-- About this task --
Repeat the entire listing exactly. Omit all pictures.

-- Data block --
* * * *

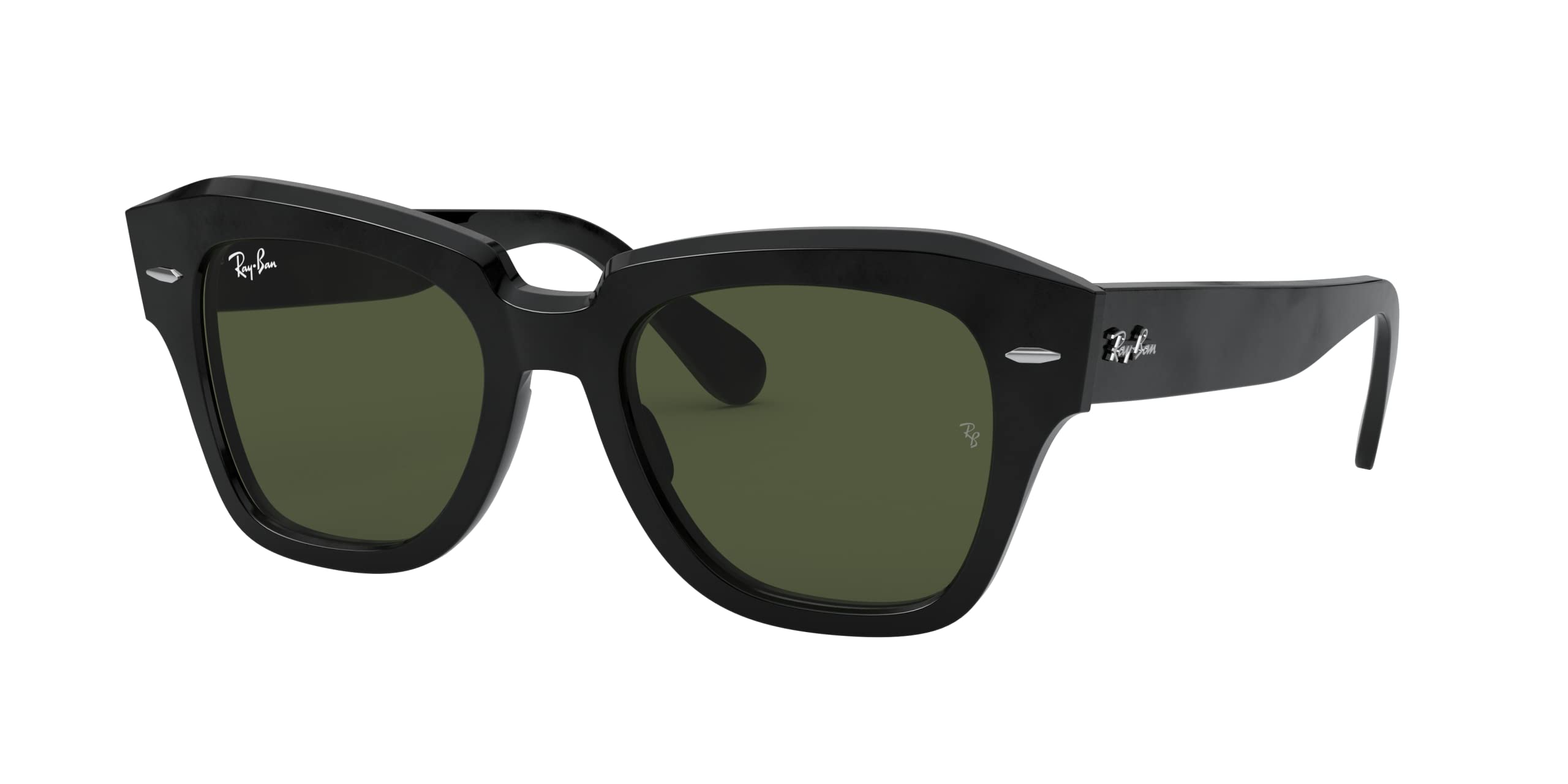 Солнцезащитные очки 0RB2186 STATE STREET BLACK Япония 49 [Ray-Ban] 901/31 (черный) (БЕСПЛАТНЫЙ размер) чёрный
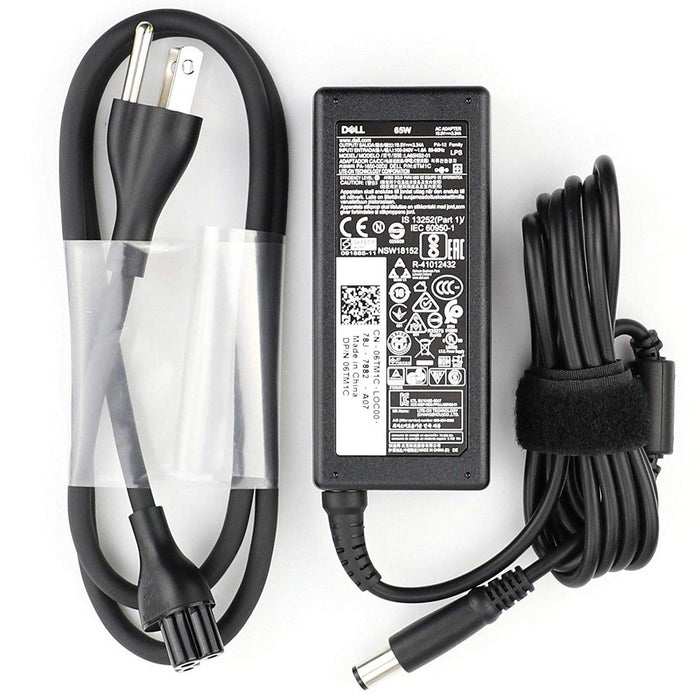 New Genuine Dell Inspiron AC Adapter Charger 1120 14 3421 14R 5421 14z 5423 65W - LaptopParts.ca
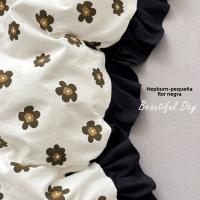 Conjunto de Cama de Algodón Tejido Nube Borde Sombrero de Cama de Cuatro Piezas - details 34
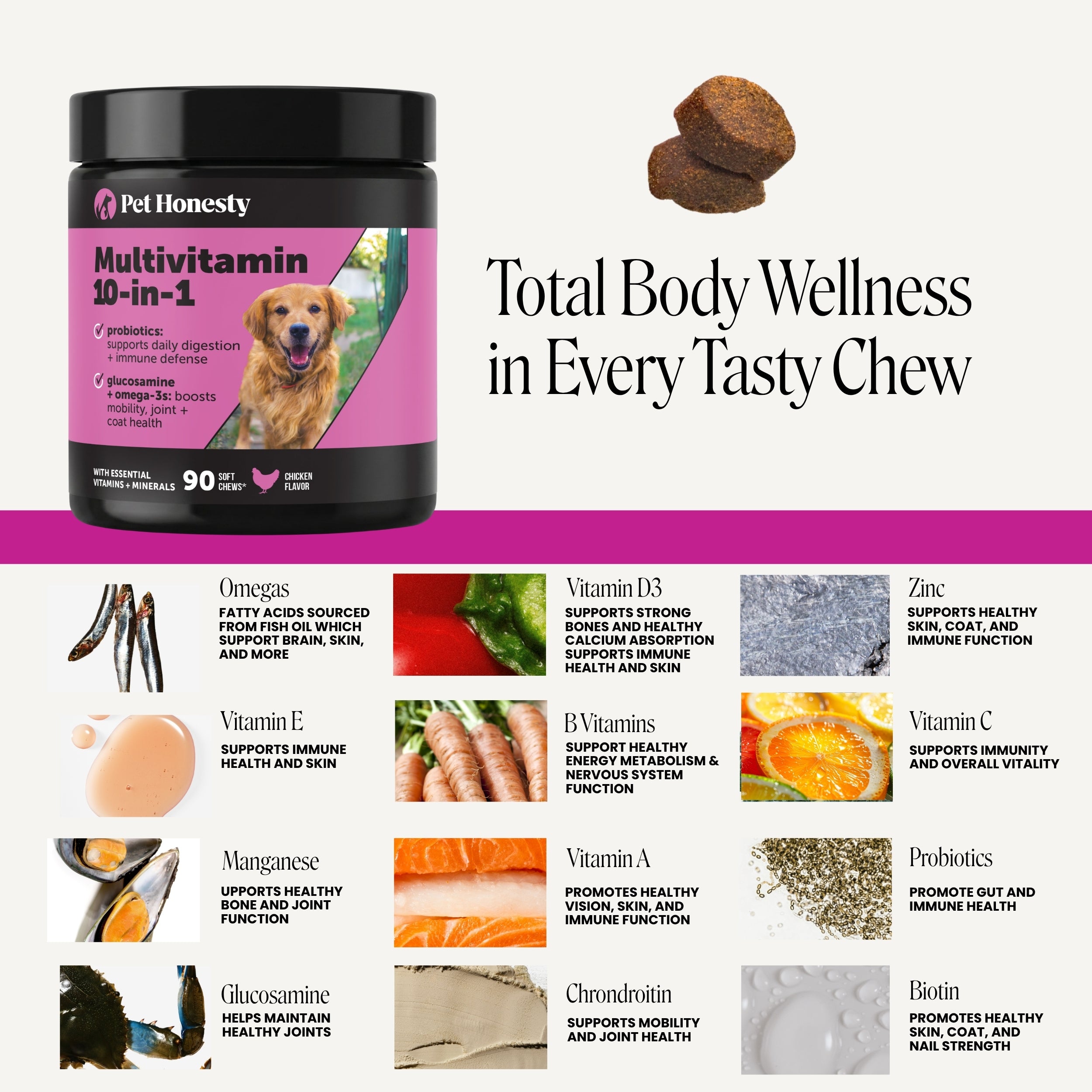 Multivitamin 10-in-1 Chews for Dogs (Chicken Flavor)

* * * *

-- Task output --
 Солнцезащитные очки 0RB2186 STATE STREET BLACK Япония 49 [Ray-Ban] 901/31 (черный) (БЕСПЛАТНЫЙ размер) чёрный
 New Genuine Dell Inspiron AC Adapter Charger 1120 14 3421 14R 5421 14z 5423 65W - LaptopParts.ca
 Conjunto de Cama de Algodón Tejido Nube Borde Sombrero de Cama de Cuatro Piezas - details 34
 Multivitamin 10-in-1 Chews for Dogs (Chicken Flavor)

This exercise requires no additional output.